Sunday, August 29, 2010

Get to Know Your Teacher Quiz

I got this idea from KFous over at My Web 2.0 journey

Tell the students you are going to give them a pop quiz. After the initial groans tell them that it is a multiple choice test about you!

Make up 5-10 questions about yourself with some multiple choice answers. Here are a few to give you some ideas.

1. Why is the number 3 important to Mrs. H

A It is the numbers of years she’s been teaching
B It is the number of children she has
C It is the number of times she’s been to Disneyland
D It is the number of piercings she has

2. Why is the number 25 important to Mrs. H

A It is how old she is
B It is the number of years she has lived in New Braunfels
C It is the number of her students who got commended on last year’s TAKS test
D It is the number of years she’s been married

3. Why is the number 13 important to Mrs. H

A. It is her lucky number
B. It is the number of years she’s been teaching
C. It is the number of times she floated the river this summer
D. It is the number of times she has been to Fiesta Texas

4. Why is the number 0 important to Mrs.
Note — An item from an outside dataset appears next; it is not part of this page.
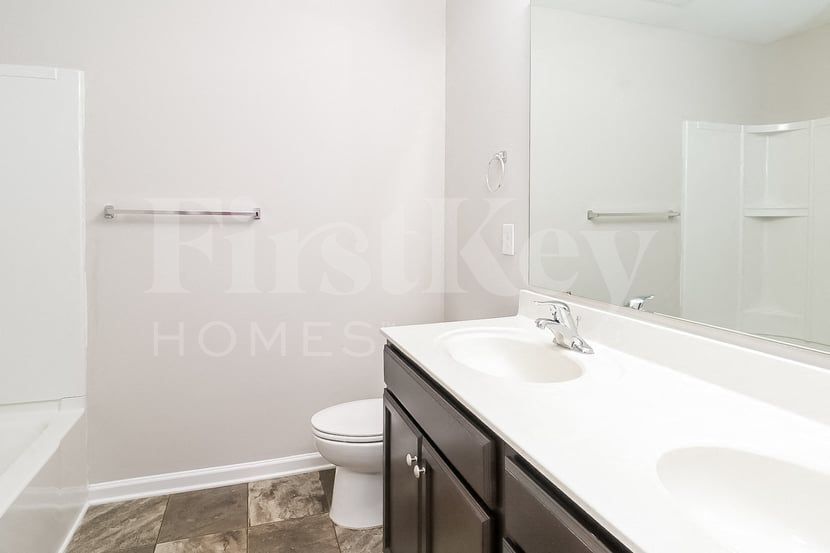 Building Photo - 2637 Cider Ridge Rd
H

A It is the number of sisters she has
B It is the number of times she has been to Schlitterbahn
C It is the number of dogs she has
D It is the number times she has flown on an airplane

5. Why is the number 1 important to Mrs. H

A It is the number of children she has
B It is the number of years she has taught at Canyon High School
C It is the number of times she has been to Schlitterbahn
D It is the number of tattoos she has

There will be lots of laughter during the quiz and you can use it as a chance to let your students know a little more about you.
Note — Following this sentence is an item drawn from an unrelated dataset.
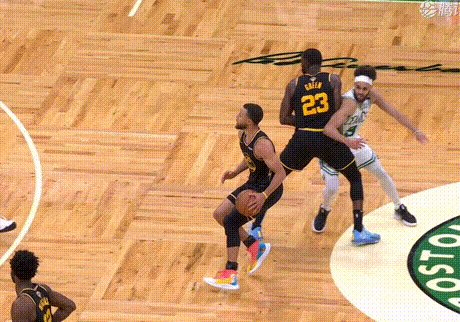 登录入口-遭遇垫脚+被压左腿 肉搏大战令库里伤痕累累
At the end ask the students to choose five numbers and tell why they are important to them. They can either be funny or serious. I plan on filing their answers in their folder that we made the first day of school

I am doing this activity tomorrow and want to use the website Poll Everywhere to have the students text me their answers. I just need to go in and play around with the website and figure out how it works!

Ice Breaker activity-Name Reflections

This activity called Name Reflection. The materials you will need are markers, colored paper, and scissors. I allowed 15 minutes for this activity on the third day of school.

Step One: Have students fold a piece of colored paper hamburger style

Step Two: Have students write their name IN CURSIVE along the bottom folded edge.(Warning: many students today do not know how to write in cursive. You will either have to do it for them or get them to help each other with this step)

Step Three: Cut along the curves of the cursive writing. Be careful not to cut the bottom folded edge.

Step 4: Unfold and decorate!

Step 5: Be Prepared to be amazed at the creativity of your students!

Ice Breaker Activity-Bio Pyramid

This first activity works great for the first couple of days of school when you have lots of administrative tasks to attend to. It will take the students approximately 10-15 minutes to complete the entire activity.

Give students a copy of the Bio Pyramid. and have them fill in the information. I then had them cut them out and glue stick them to a pre-prepared place on my wall.

Note: Do not copy the bio-pyramid instructions two sided. Just give them the bio-pyramid. I put the instructions up on my smartboard.

Materials I used were scissors, markers, and glue sticks.

Here are the finished products. Added Bonus: Your room is well on its way to being ready for Meet the Parent Night!

Monday, August 23, 2010

Meeting Your Blogger Friends in Person

Jonathan at jd2718 was one of the first bloggers to welcome me into the edublogging community when I first began writing my blog. I believe he was the first blogger to link to my blog and even went so far as to recommend Math Tales From the Spring to others. It was very humbling because up to that point, I had no idea that anyone actually read my blog. I was using it as a journaling tool to help me work out things in my head both professionally and in my personal life.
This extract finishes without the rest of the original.